这告诉您相对风险的估计值约为0.174,而99%的置信区间为[0.140,0.215]。0.174的相对风险意味着暴露人群(对于我们正在检查的治疗或环境因素等)的疾病风险是未暴露人群疾病风险的0.174倍。如果相对风险为1(即,如果置信区间包括1),则表示没有证据表明暴露与疾病之间存在关联。否则,如果相对风险> 1,则证明暴露与疾病之间存在正相关;而如果相对风险<1,则存在负相关的证据。可以估计队列研究的相对风险,但不能用于病例对照研究。请注意,在我们有多个暴露类别的情况下,我们也可以使用calcRelativeRisk()函数(例如,与非吸烟相比,吸烟与吸烟雪茄相比)。
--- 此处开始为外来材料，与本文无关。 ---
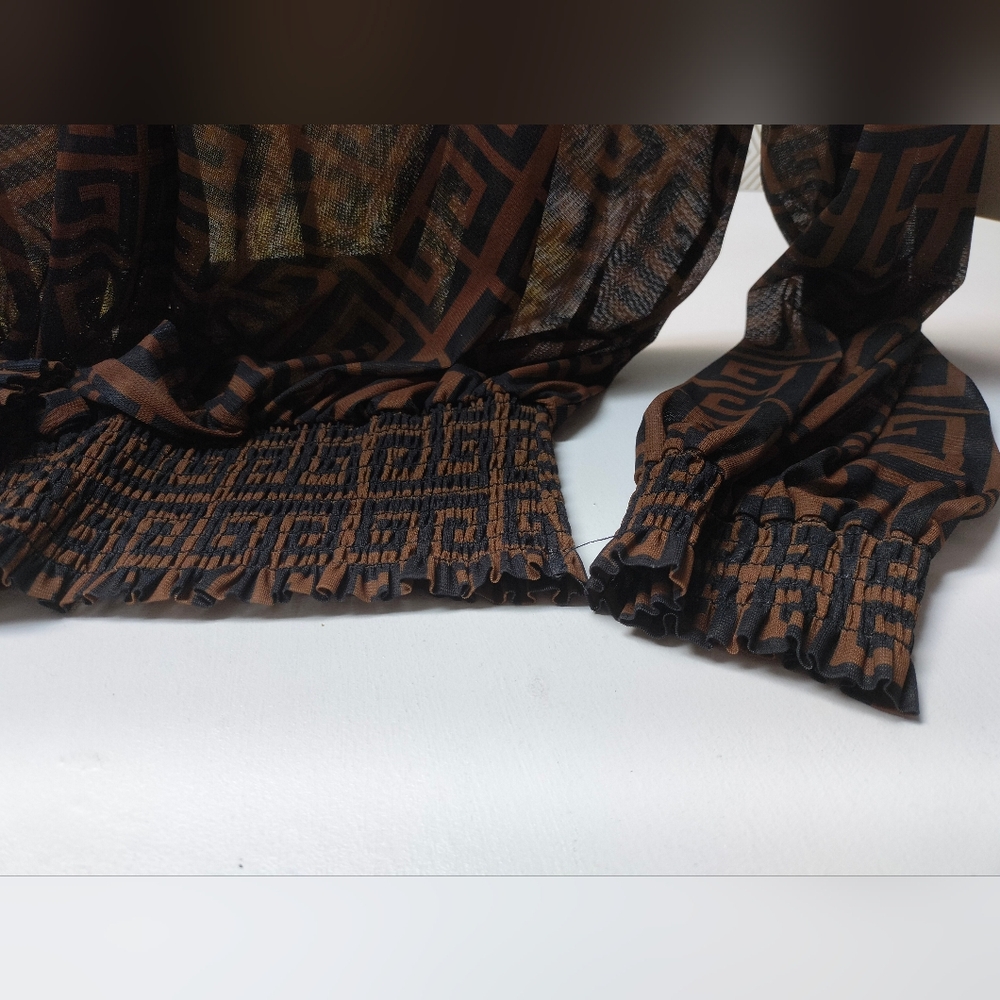 Sheer Geometric Patterned Blouse - Picture 2 of 3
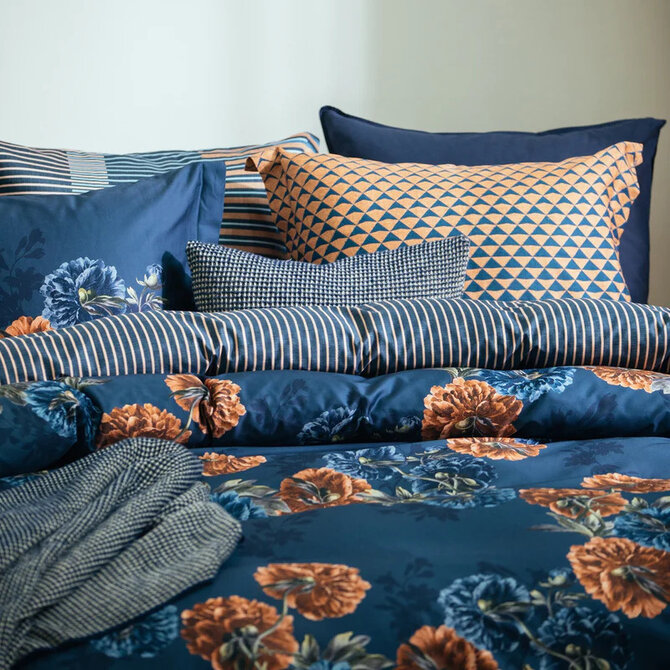 Vandyck Midnight Hour Dekbedovertrek 2-persoons (200x200/220) blue ink Vandyck Midnight Hour Dekbedovertrek 2-persoons (200x200/220) blue ink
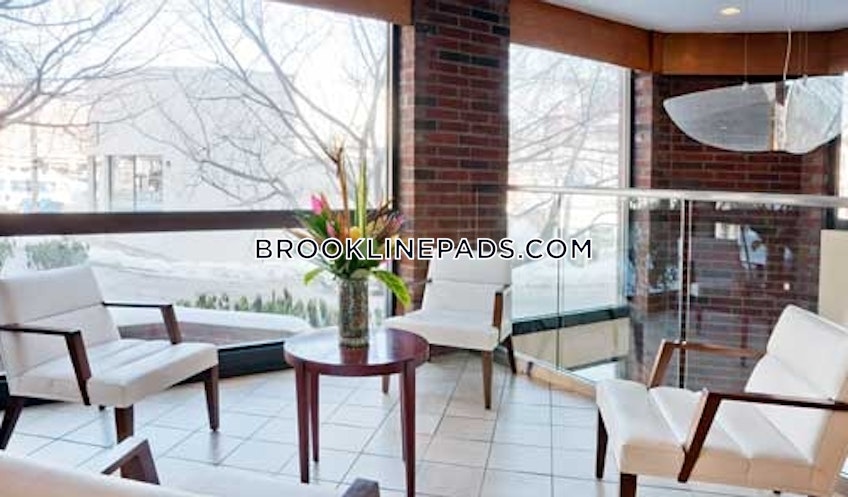 Brookline - $3,735 /month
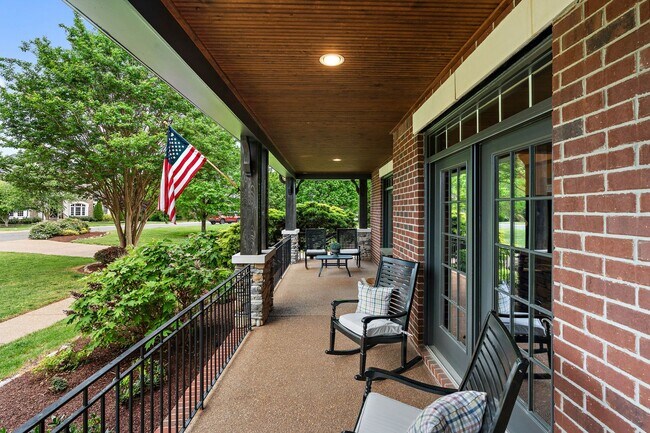 Building Photo - 298 Gillette Dr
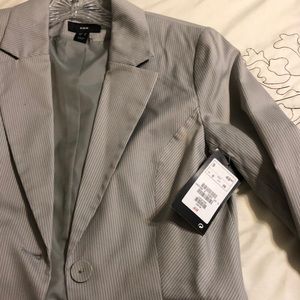 H&M blazer Gray with thin white stripes Size 6 NWT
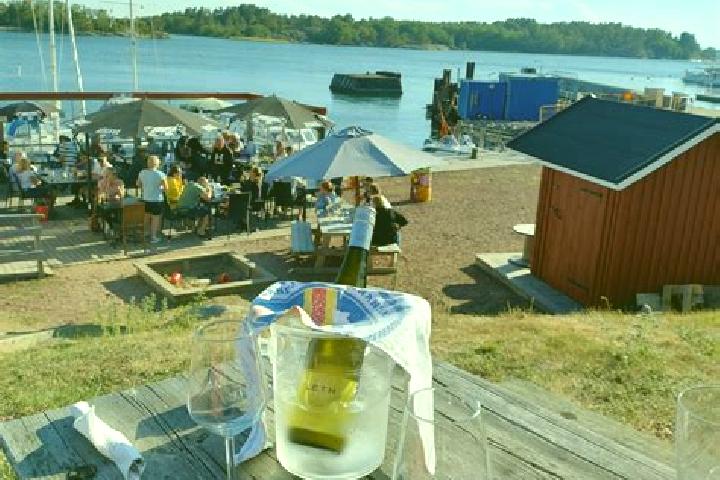 Escorts Sottunga, Aland Islands — Local Companions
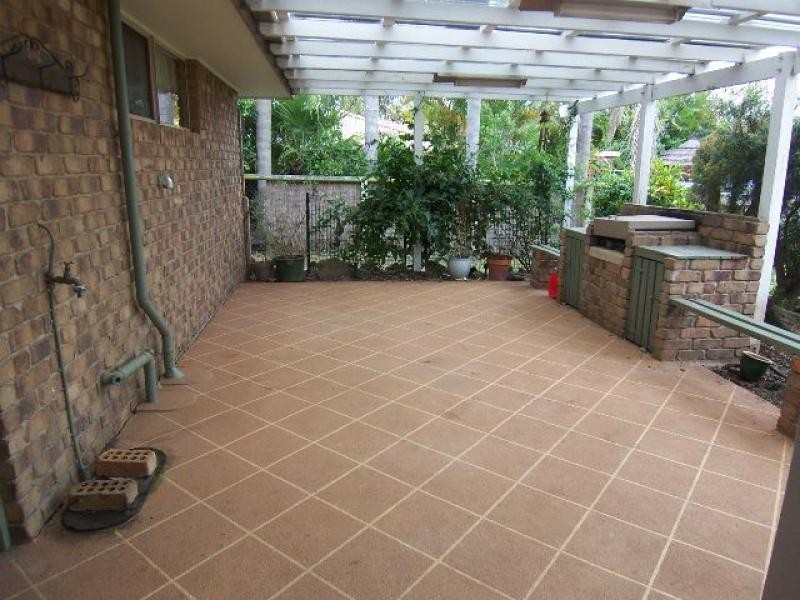 51 Farrell Drive, Walloon QLD 4306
为此,它与calcOddsRatio()函数类似地使用(见下文)。
计算队列或病例对照研究的比值比(Calculating Odds Ratios for a Cohort or Case-Control Study )
除了接触疾病(某些治疗或环境因素,如吸烟或某些药物)的相对风险,您还可以计算队列研究中暴露与疾病之间关联的比值比。优势比也通常在病例对照研究中计算。暴露与疾病之间关联的比值比是:(i)接触治疗或环境因素的人患病的概率除以未患病的概率。暴露,以及(ii)对未接触治疗或环境因素的人患病的可能性除以未接触治疗的人患病的可能性。同样,对于队列研究或病例对照研究,假如您的数据集还是上述一样的:
Disease | Control | |
Exposed | 156 | 9421 |
Unexposed | 1531 | 14797 |
您可以使用以下R函数calcOddsRatio()来计算暴露与疾病之间关联的优势比。您需要先将函数复制并粘贴到R中,然后才能使用它:
calcOddsRatio <- function(mymatrix,alpha=0.05,referencerow=2,quiet=FALSE)
{
numrow <- nrow(mymatrix)
myrownames <- rownames(mymatrix)
for (i in 1:numrow)
{
rowname <- myrownames[i]
DiseaseUnexposed <- mymatrix[referencerow,1]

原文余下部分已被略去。